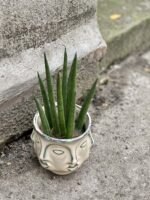 Zdjęcie rośliny Sansevieria Cylindrica, ujęcie 1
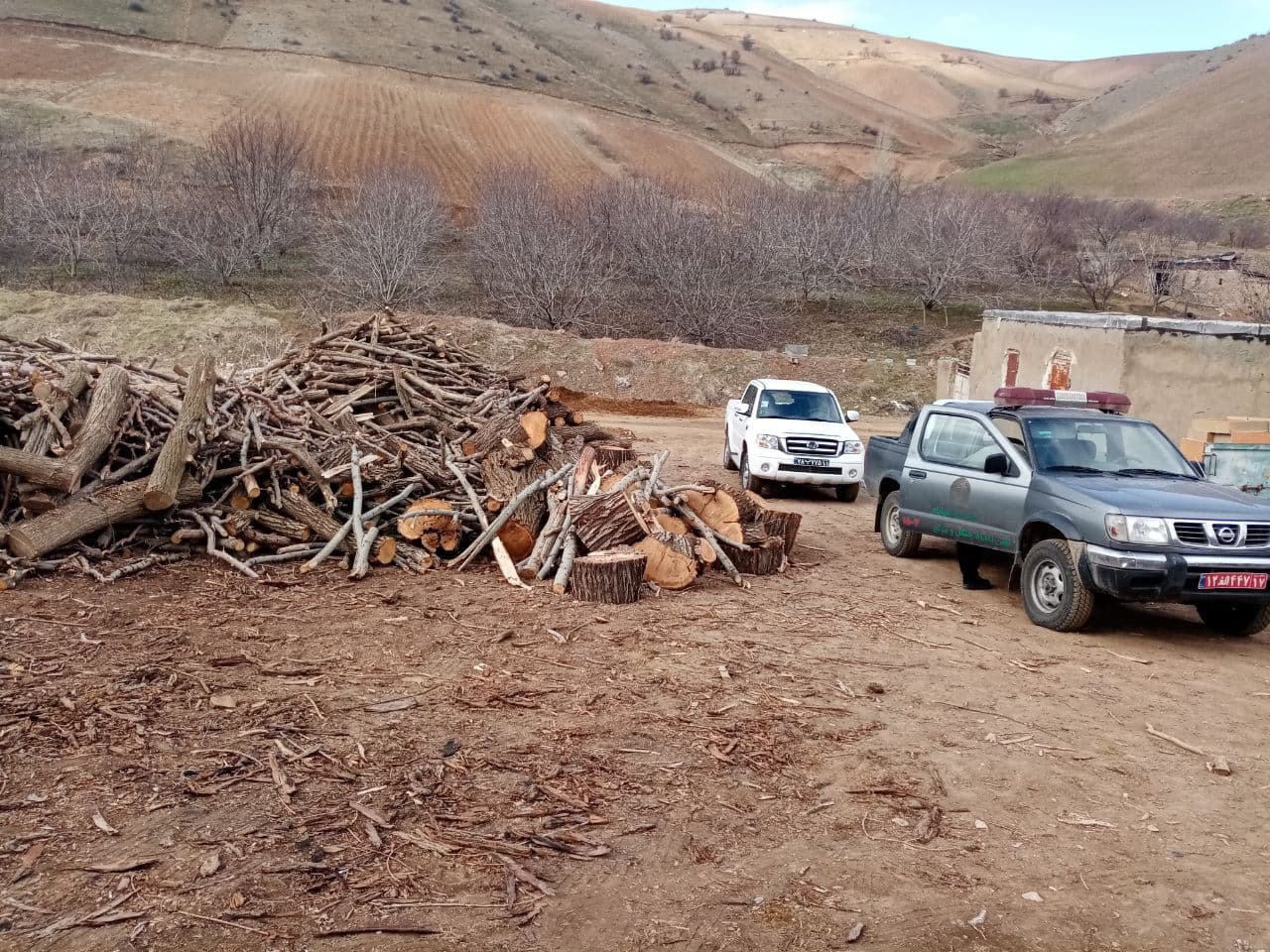 کشف 39 تن چوب قاچاق در مهاباد/سریال قطع درختان ادامه دارد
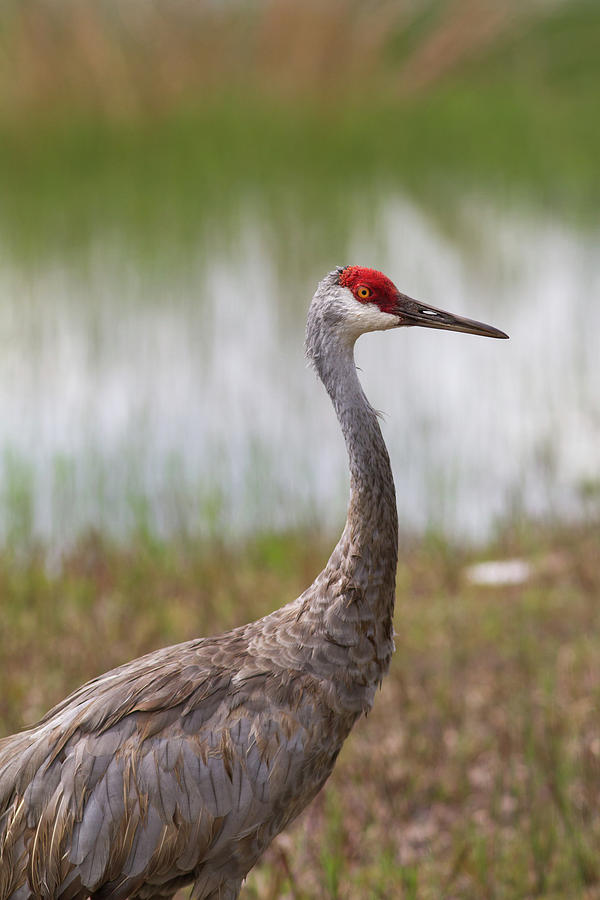 Sandhill Crane At Clearwater Lake #2 Photograph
★ ★ ★ ★ ★ ★ ★
WORK TO COMPLETE: Please write out all of the material above without changing a word, and omit any pictures.

SOLUTION FOR THIS TASK:
 Zdjęcie rośliny Sansevieria Cylindrica, ujęcie 1
 کشف 39 تن چوب قاچاق در مهاباد/سریال قطع درختان ادامه دارد
 Sandhill Crane At Clearwater Lake #2 Photograph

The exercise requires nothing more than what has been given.